Last week as I was driving to one of our large diverse public elementary schools to speak with teachers about trust and connection, my mind went to a different realm of classroom structure and function. I began to think differently about what “trust” looks like in our classrooms. Traditionally we give students responsibility in the classroom with different jobs, such as paper passer, line leader, errand runner, etc.; but I began to delve deeper into building trust through leadership and caregiving roles and responsibilities. These roles and responsibilities call us to explore the emotional climate in our classrooms that breeds service and compassion. When we are engaged with one another, feeling our power, compassion and service, the neural circuitry in the brain shifts and our reward system of dopamine and serotonin execration sharpen our focus, emotional regulation and engagement!
These professional responsibilities can change as often as we feel necessary. The descriptions below are only guidelines and ideas for you to explore and adapt in all grade levels. These class responsibilities and roles are vitally important in secondary school, as we are providing an opportunity for our students to show up in a much different way than being the passive recipient of rules, lecture, and knowledge dispersed each day.
Classroom Professions
1. Giver- This student’s responsibility is to give encouragement, affirmation and acts of kindness throughout the day. The Giver may use post-its, create signs, verbal messages or any means of communicating hopefulness.
2. Story-teller- This job could take so many forms. Students could discover a book to share, integrate vocabulary or content words into a story. Younger students could create a picture story and journal stories are written, shared, turned into screen plays, or submitted for publication from older students. Students would have fun developing an IMovie or blog for the class. He or she could create a class story with classmates names, school, projects, or weave any content into this context for learning standards or subject matter. The brain adheres to stories!

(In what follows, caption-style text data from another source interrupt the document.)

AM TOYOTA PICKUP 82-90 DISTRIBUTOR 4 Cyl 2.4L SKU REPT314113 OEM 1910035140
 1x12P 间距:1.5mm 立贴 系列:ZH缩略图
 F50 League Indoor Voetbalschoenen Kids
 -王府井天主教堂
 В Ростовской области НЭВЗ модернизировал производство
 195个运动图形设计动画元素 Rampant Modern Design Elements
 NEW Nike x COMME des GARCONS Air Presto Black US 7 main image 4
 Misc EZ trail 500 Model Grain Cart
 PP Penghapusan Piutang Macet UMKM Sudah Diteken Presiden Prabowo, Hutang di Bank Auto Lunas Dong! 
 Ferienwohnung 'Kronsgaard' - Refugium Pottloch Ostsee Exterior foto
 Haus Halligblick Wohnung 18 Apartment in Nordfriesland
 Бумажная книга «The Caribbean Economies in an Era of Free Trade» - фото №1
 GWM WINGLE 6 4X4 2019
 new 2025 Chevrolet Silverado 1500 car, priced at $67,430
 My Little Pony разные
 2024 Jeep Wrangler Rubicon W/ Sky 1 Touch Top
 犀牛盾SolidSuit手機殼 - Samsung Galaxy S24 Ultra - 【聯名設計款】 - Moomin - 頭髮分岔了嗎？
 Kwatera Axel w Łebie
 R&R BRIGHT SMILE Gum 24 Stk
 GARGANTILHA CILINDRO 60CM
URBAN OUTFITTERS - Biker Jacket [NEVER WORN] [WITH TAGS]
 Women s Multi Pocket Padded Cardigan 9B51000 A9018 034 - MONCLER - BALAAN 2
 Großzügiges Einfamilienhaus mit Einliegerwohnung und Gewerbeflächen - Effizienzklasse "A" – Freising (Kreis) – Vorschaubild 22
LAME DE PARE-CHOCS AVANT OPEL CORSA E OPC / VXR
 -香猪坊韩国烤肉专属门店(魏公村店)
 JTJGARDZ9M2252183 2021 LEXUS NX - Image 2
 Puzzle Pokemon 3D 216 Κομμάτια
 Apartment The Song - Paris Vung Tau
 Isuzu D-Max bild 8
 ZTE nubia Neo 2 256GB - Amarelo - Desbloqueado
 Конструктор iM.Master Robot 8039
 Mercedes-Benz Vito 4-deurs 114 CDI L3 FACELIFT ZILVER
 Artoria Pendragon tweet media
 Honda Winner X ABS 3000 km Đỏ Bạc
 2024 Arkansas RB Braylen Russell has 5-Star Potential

3. Noticer- This job is to notice what is going well and right! The antithesis to tattling or snitching!
4. Kindness Keeper- This job is a recorder of all the kind acts performed throughout the day or week. The kindness keeper will reflect on these kindnesses and share with the classes periodically.
5. Resource Manager- this is the student that suggests ideas, resources or ways to solve a problem or locate information…either academically or behaviorally.

Have fun with these new professions creating social and emotional connections inspiring a sense of belonging and service, while elevating purpose and identity. When we practice and model teaching steeped in trust, we begin serving one another as the heart and brain thrive!